- [Provided material]:
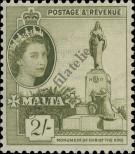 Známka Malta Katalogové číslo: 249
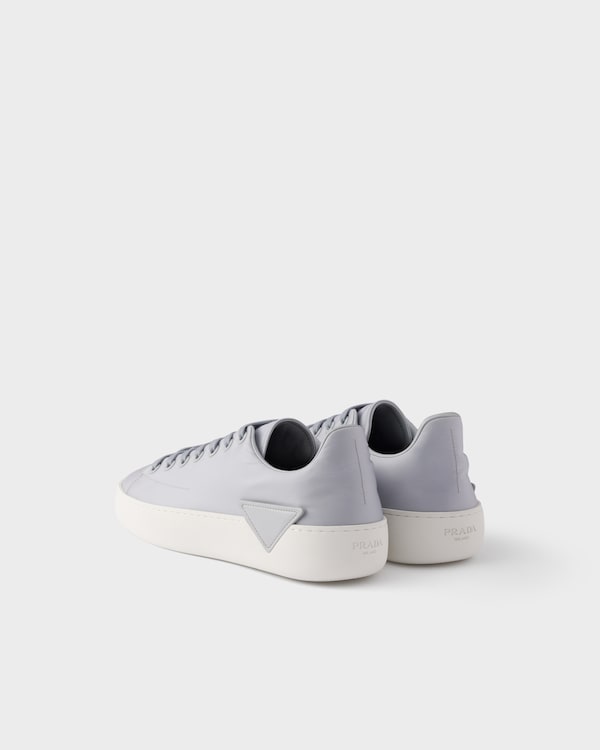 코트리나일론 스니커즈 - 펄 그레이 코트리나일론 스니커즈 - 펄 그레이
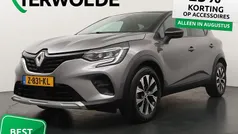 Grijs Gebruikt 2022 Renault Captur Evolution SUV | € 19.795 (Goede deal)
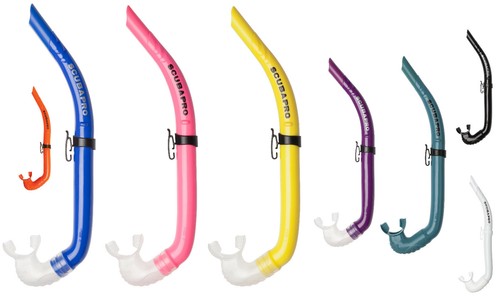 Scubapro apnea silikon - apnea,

- [Requirement]:
Copy the lines above exactly. Do not include pictures.

- [Answer below]:
 Známka Malta Katalogové číslo: 249
 코트리나일론 스니커즈 - 펄 그레이 코트리나일론 스니커즈 - 펄 그레이
 Grijs Gebruikt 2022 Renault Captur Evolution SUV | € 19.795 (Goede deal)
 Scubapro apnea silikon - apnea,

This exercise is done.